How to get from this: "{\n \"DNAHeader\": {},\n \"ItemsSaleable\": []\n}\n"

this: "\"DNAHeader\":{},\"ItemsSaleable\":[]"

I have for initiator this regex:

"<OWSP>{<OWSP>"

for terminator this:

"<OWSP>}<OWSP>"

where <OWSP> is optional white space, the same as in Swift regex \s* is.

I convert them to the Swift equivalent:

if let group = groupOrItem as?
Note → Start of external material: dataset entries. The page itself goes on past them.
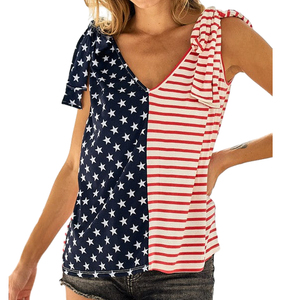 Summer Usa <strong>Theme</strong> t Shirts Sleeveless Shoulder Ribbon Tie v Neck Patriotic Top Independence Day Shirt American Flag <strong>tank</strong> Top - Product Image 4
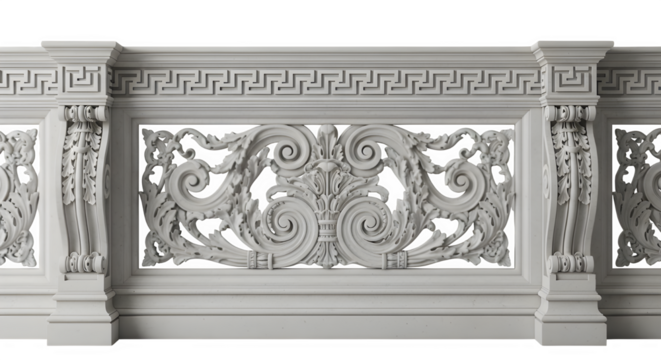 Ornate white balustrade with intricate carvings, a classical design element
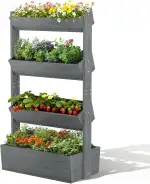 Vertikales Holz Hochbeet mit 4 Etagen Premium Blumenkasten, Frei stehender Blumentreppe Pflanztreppe Gemüsebeet Kräuterbeet Blumenbeet Pflanzkasten für Kräuter, Gemüse, Blumen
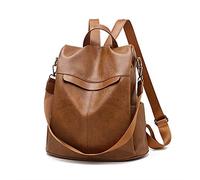 Wishliker Damen Rucksack Anti Diebstahl wasserdichte Leder Multifunktions Schultaschen,Braun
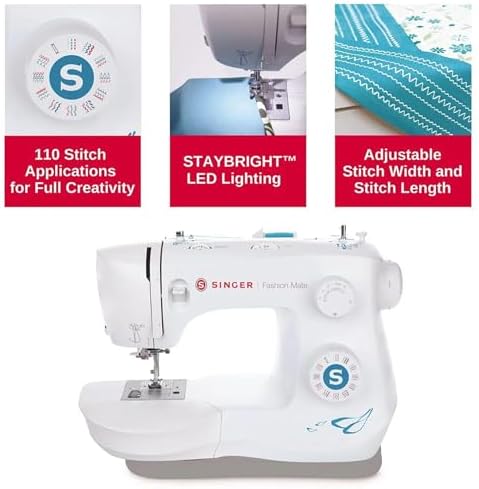 SINGER Fashion Mate™ 3342 Lightweight & Portable Sewing Machine with Accessory Kit | 32 Built-In Stitches, Free Arm, Full Metal frame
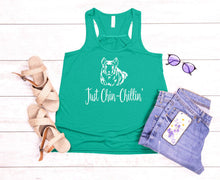 Load image into Gallery viewer, Just Chinchillin Youth Racerback Flowy Tank Top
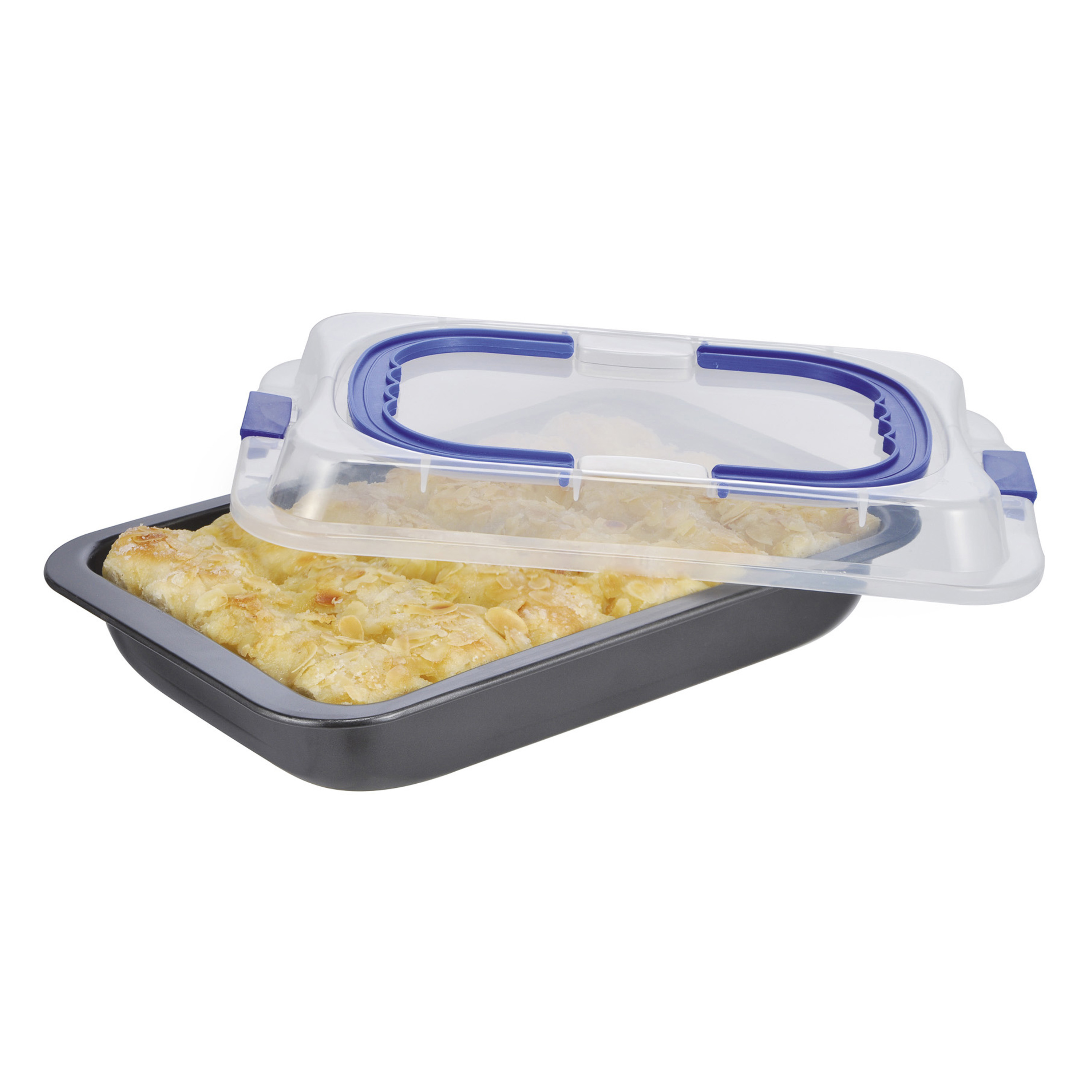 HI Cakevorm met deksel - multicolor - metaal - kunststof - met handvat - x 24,7 x 8 cm -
Group,
   let initiator = group.typeSyntax?.initiator?.literal.literalValue?.replacingOccurrences(of: "<OWSP>", with: "\\s*"),
   let terminator = group.typeSyntax?.terminator?.literal.literalValue?.replacingOccurrences(of: "<OWSP>", with: "\\s*")
{
    let captureString = "(.*?)"
    let regexString = initiator + captureString + terminator
    let regexPattern = "#" + regexString + "#"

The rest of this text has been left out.